Byzantine Brooch Designs

Although I've been too preoccupied with domestic concerns to do a lot of sewing lately, I have been continuing to track down information relevant to the various projects I've started when I can. 

One of those projects is my Middle Byzantine outfit.  I have completed the headdress, shift, and cloak.  Right now, I'm trying to find out what types of brooches a respectable lower class woman might wear to fasten her cloak.  I didn't find much useful information about this subject on the Internet.  This page was the most useful page I found; it shows two different examples of bronze enameled brooches which look as though they might have been purchased and worn by ordinary people.  However, without more information about where these brooches were found it's hard to say how appropriate it might be to use brooches of these shapes and appearance in my lower-class costume. 

Birka Traders used to sell a Byzantine brooch of the correct time period that is based on a Danish find.  It might have served, (even though it was smaller than I expected) but I wasn't prepared to pay $60 AUS for a brooch I would only be wearing with one costume.  It was a very attractive piece, though; you can see it here.

Qui Fuit Her
My other Internet searches for such items unearthed designs in gold and precious stones--clearly not suitable.  In the hopes of finding a broader variety of jewelry finds to examine, I recently purchased a copy of the museum catalog from the Metropolitan Museum of Art's exhibition of Middle Byzantine art, called "The Glory of Byzantium--A.D. 843-1261." 

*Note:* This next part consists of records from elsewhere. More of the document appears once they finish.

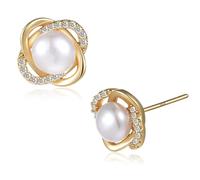 Pearl Earrings Studs 18K Gold Plated - Four Leaf Clover Design Pearl Stud Earrings for Women with Cubic Zirconia - Elegant Jewelry for Women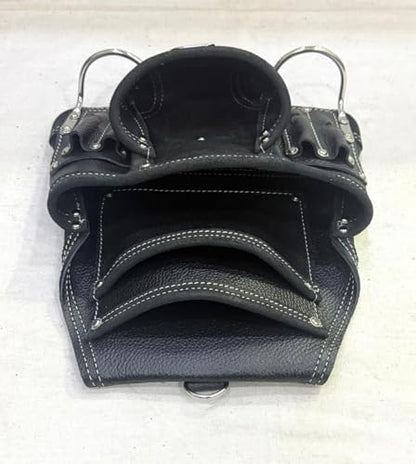 Zeluga 20-526 10 Pocket Rigger Heavy Duty Leather Tool Bag, Textured Black - color: Textured Black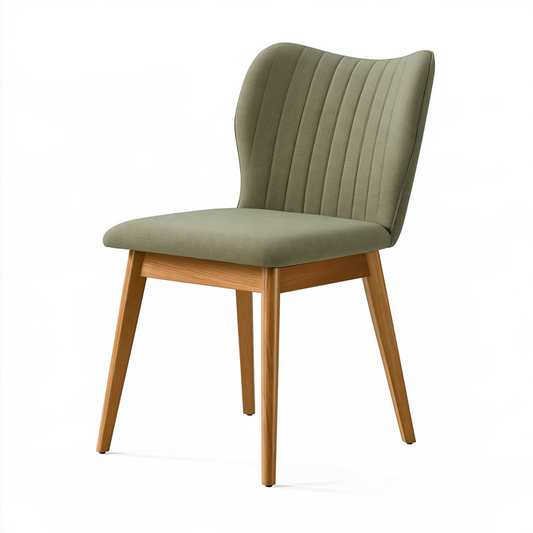Chaise de salle à manger 48 x 56 x 84 cm en tissu vert kaki avec pieds en bois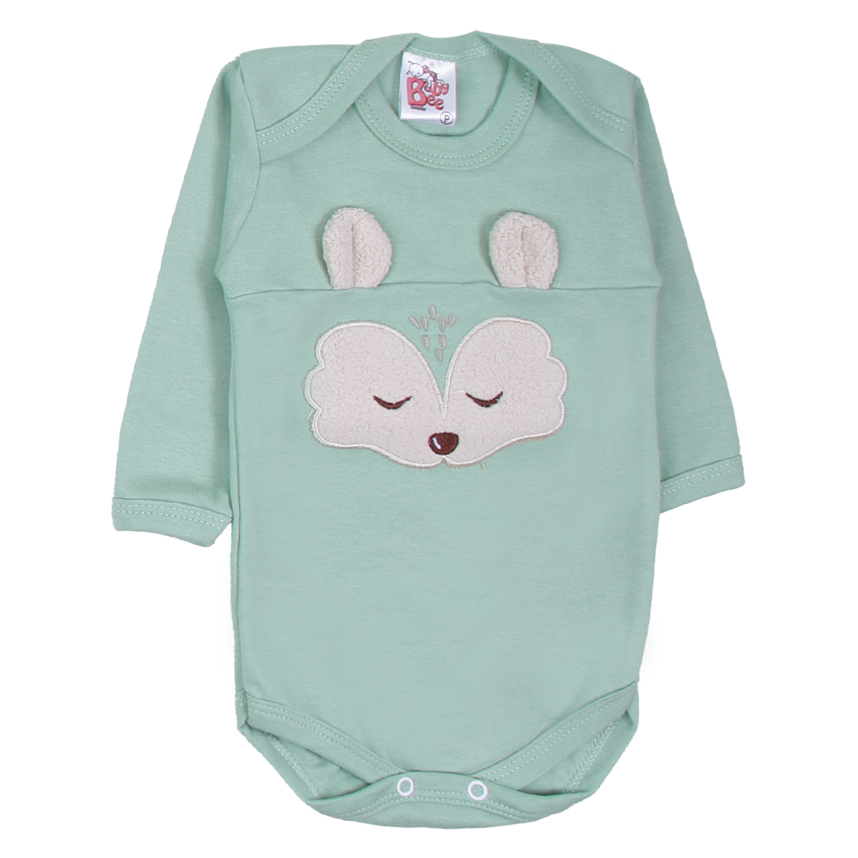 Kit Body Bebê Baby Bee Manga Longa Bordado Raposa 3 Peças Kit Body Bebê Baby Bee Manga Longa Bordado Raposa 3 Peças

The Glory of Byzantium" includes a lot of examples of jewelry, icons, ivory carvings, miniature paintings, mosaics and textiles.  Unfortunately for me, most of the jewelry items are not only gold, but they are either earrings or temple rings--nothing to fasten a cloak with!  I have found a painting with an interesting image.  That painting is one of three "Ancestors of Christ" found in a convent in Spain (the Convent of Santa Maria, in Sigena), and attributed to the same English artist who did the Winchester Psalter, and it is called "Her" (because the inscription below it reads "Qui Fuit Her").  A scan of the image appears to the left of this paragraph.  As you can see, it shows a figure wearing a cloak, clasped at the neck with a small brooch.  That brooch features a central pearl, with a ring of red enamel around it, and eight other pearls of equal size around the edge. (See image on the left, below.)

Norman brooch from RQP
"Her", portion showing brooch
This brooch looks a bit like a bronze brooch with a modest amount of enameling that is sold by Raymond's Quiet Press as a "Norman" brooch (see right; thanks to Raymond for permission to use the photograph here).  Unfortunately, the RQP web site doesn't say what the provenance of this design might be, and I have not  seen an artifact that resembles it.

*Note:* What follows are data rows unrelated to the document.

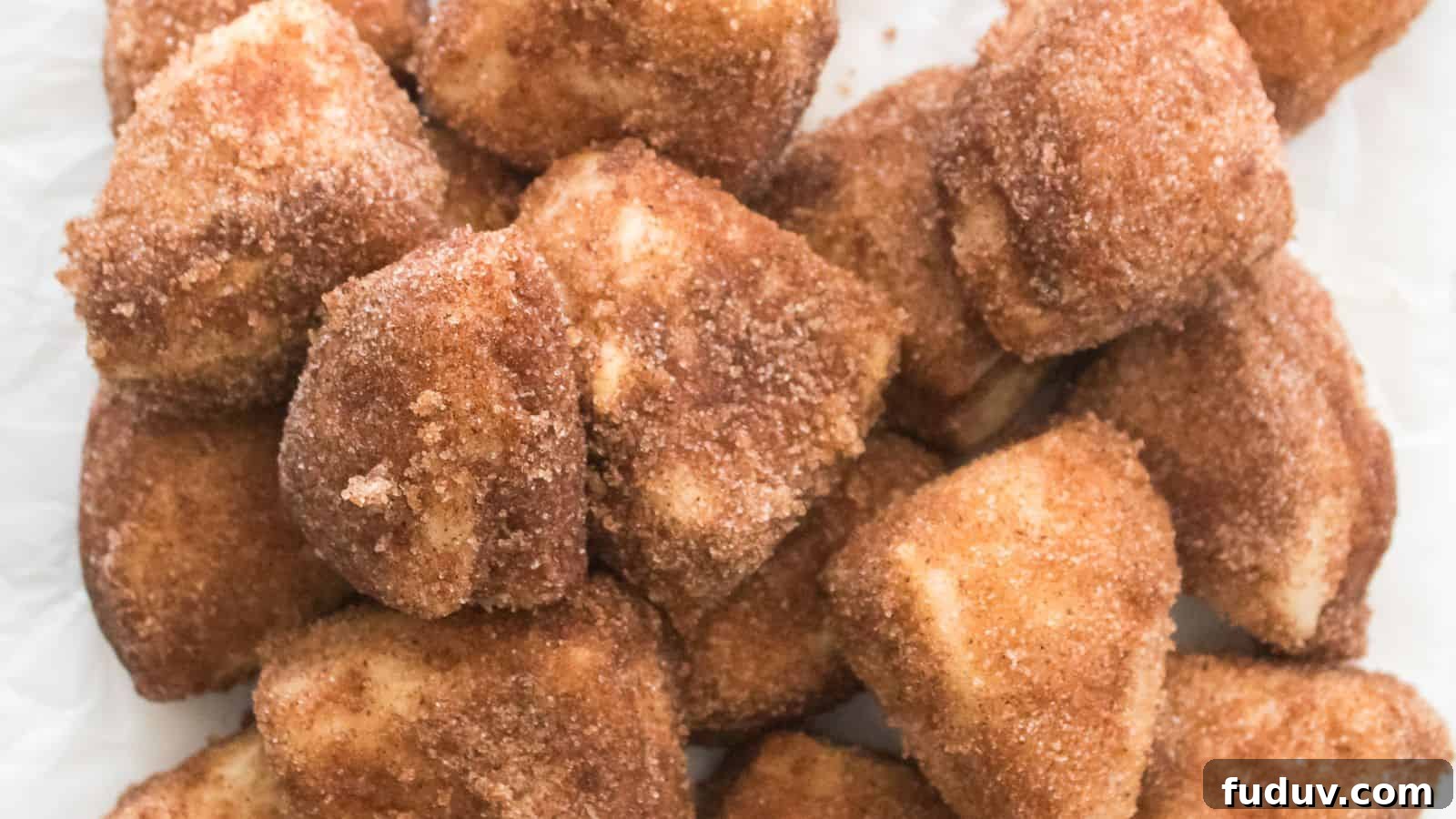 31 Cozy Cinnamon Recipes to Warm Your Home and Soul 3 Close-up of Cinnamon Sugar Biscuit Bites, dusted in a sweet layer and piled on crisp white paper.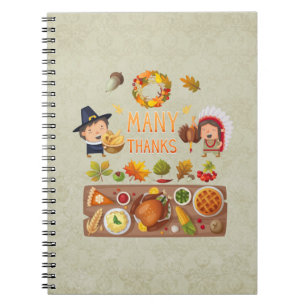 Many Thanks Pilgrim And Native Thanksgiving Feast Notebook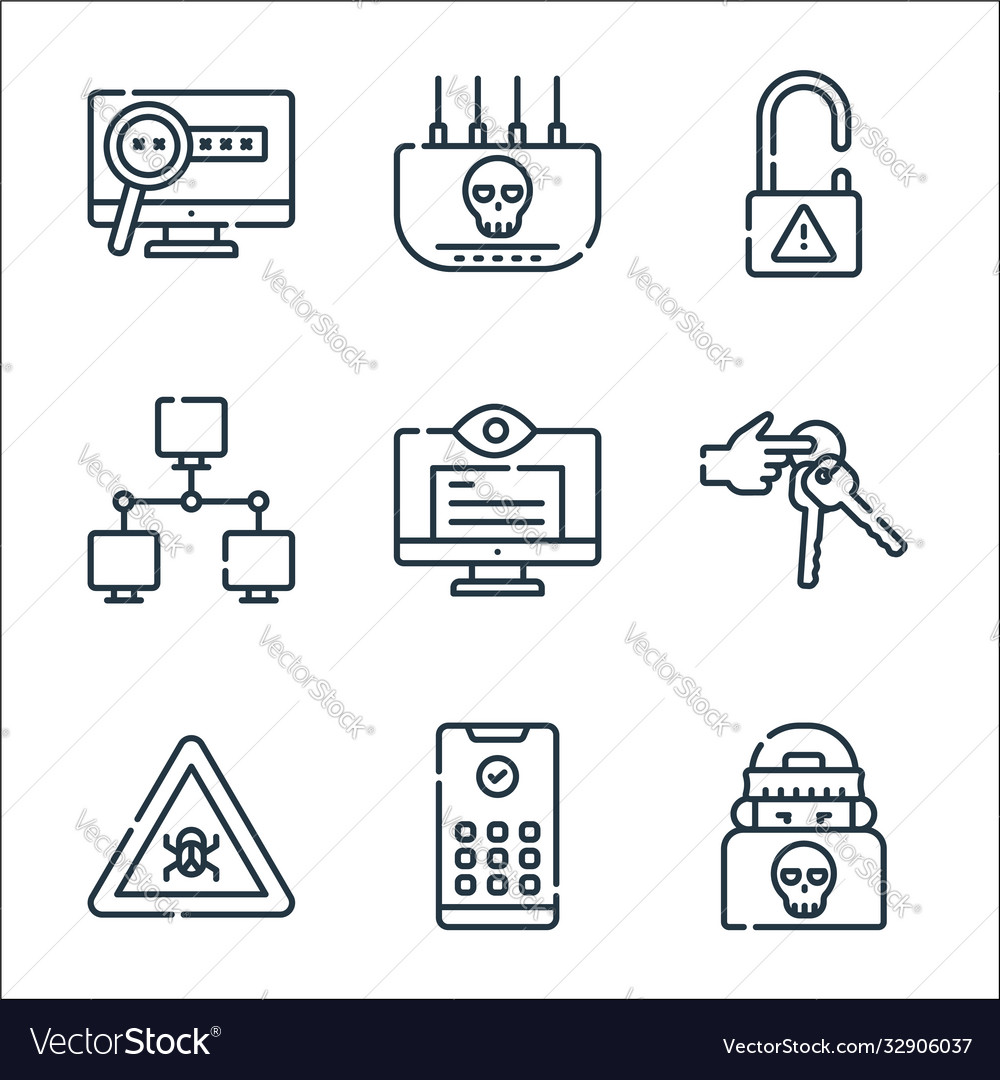 Hacker line icons linear set quality vector image Hacker line icons linear set quality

If the Norman attribution of the RQP design is correct, it is at least contemporaneous with the Middle Byzantine period.   I probably will purchase the RQP brooch, but in the meantime I am still hoping to obtain more information about Byzantine brooches to see whether I can confirm the appropriateness of the design with a costume that would have been worn in the Near East of the period.  To that end, I have succeeded in locating a copy of "Intelligible Beauty" (a recent work of essays about Byzantine jewelry) in my price range, and have ordered it.  Perhaps that that work will provide me with additional examples of typical period designs that were used by people other than society's elite.